'''

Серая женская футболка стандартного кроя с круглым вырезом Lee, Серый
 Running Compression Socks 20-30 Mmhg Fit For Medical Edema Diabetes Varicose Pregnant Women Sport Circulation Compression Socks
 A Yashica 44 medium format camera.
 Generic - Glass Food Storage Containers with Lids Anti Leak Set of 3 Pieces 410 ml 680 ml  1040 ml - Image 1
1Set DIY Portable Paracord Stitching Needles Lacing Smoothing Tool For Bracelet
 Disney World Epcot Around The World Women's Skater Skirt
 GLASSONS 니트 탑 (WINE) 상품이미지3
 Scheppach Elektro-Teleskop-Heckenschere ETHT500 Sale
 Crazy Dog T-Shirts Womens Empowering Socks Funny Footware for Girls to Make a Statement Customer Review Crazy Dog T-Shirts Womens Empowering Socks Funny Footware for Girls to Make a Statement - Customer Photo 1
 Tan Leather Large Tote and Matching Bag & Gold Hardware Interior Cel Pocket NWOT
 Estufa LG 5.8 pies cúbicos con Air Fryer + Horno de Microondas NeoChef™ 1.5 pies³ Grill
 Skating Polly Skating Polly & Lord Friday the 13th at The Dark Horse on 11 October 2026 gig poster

'''

Problem requirements:
Filter the listing above for lines with the word "Socks", and copy each one you find.

Response box:
 Running Compression Socks 20-30 Mmhg Fit For Medical Edema Diabetes Varicose Pregnant Women Sport Circulation Compression Socks
 Crazy Dog T-Shirts Womens Empowering Socks Funny Footware for Girls to Make a Statement Customer Review Crazy Dog T-Shirts Womens Empowering Socks Funny Footware for Girls to Make a Statement - Customer Photo 1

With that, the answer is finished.